I'm riding with my dad in his truck. Any one of his trucks smelled like corn dust. There is a giant stick shift sticking out of the floor, and all I know is that I'm not supposed to touch it. I'm anywhere between 7 and 13 years old, and we've had breakfast on the road, or maybe lunch at a small town cafe where he has made countless friends and acquaintances (to this day, he doesn't not know anyone).
As we would rattle down the long stretches of road, I still remember listening to WIBC as my head banged against the window through which I watched cornfields, bean fields, and fields with circular hay bales standing watch. I would hear farm reports and then a bunch of words I didn't understand when they were strung together.
Somehow Paul Harvey's voice came through and felt like he was one of us. In fact, because he was on a station that gave the local hog prices, I assumed he was a Hoosier like me.
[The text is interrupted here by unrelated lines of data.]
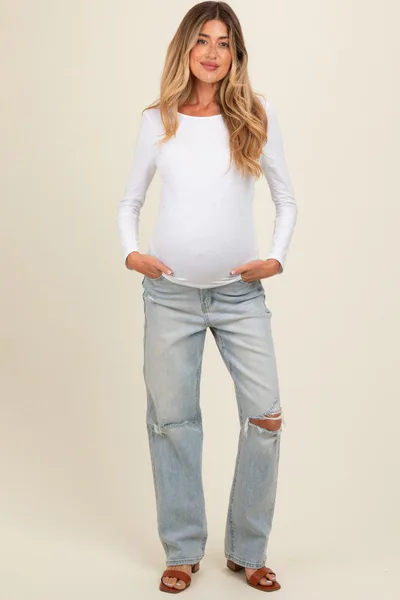 PinkBlush Light Blue Open Knee Relaxed Straight Leg Maternity Jeans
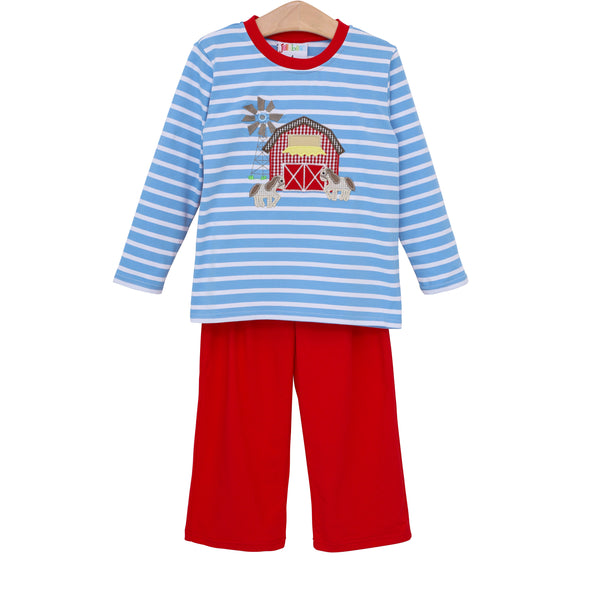 Horse Barn Applique Pants Set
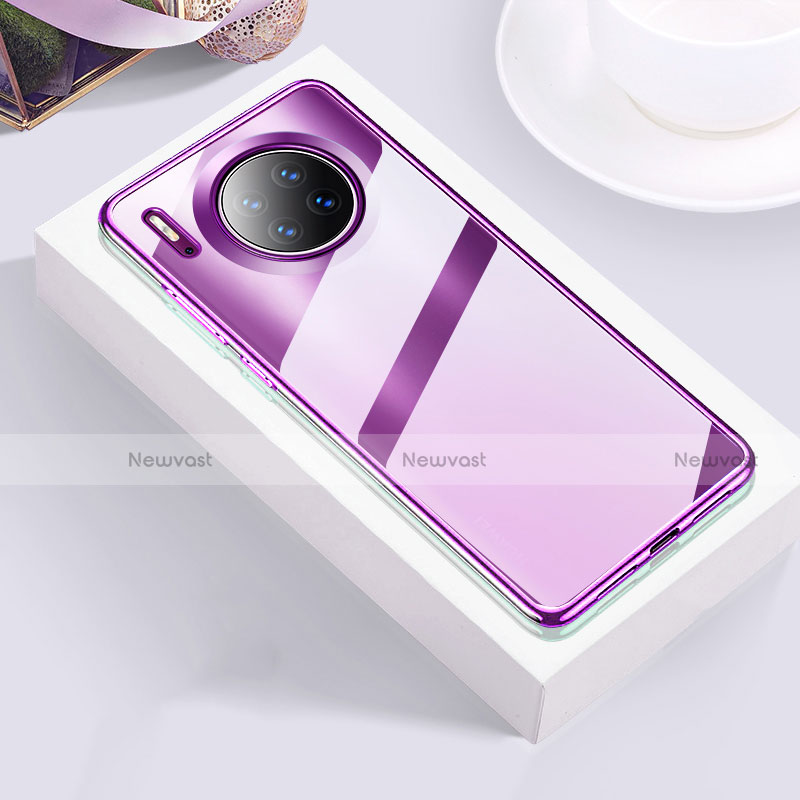 Ultra-thin Transparent TPU Soft Case Cover H01 for Huawei Mate 30 Pro Purple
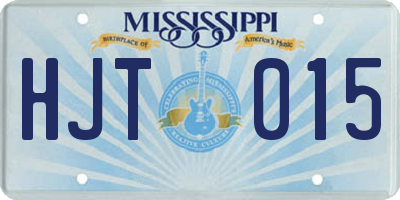 MS license plate HJT015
He seemed to fit right in, even though he was--I could sense it in his voice--always wearing a coat and tie.
That "local boy" made the big time, after his death, in this Superbowl commercial from 2013, from a radio spot he wrote in 1978.
I am still thankful to Paul Harvey in 2017 for an ad that went public in 2013 that he wrote in 1978 which I probably heard in 1985 for the first time, because it takes me back to riding in the truck with my dad. Harvey died in 2009, just to throw another year in there.
I never knew why I was riding with my dad; all I knew is that I was. At most, I had the idea we were riding "to get a part". As far as I was concerned, it never mattered.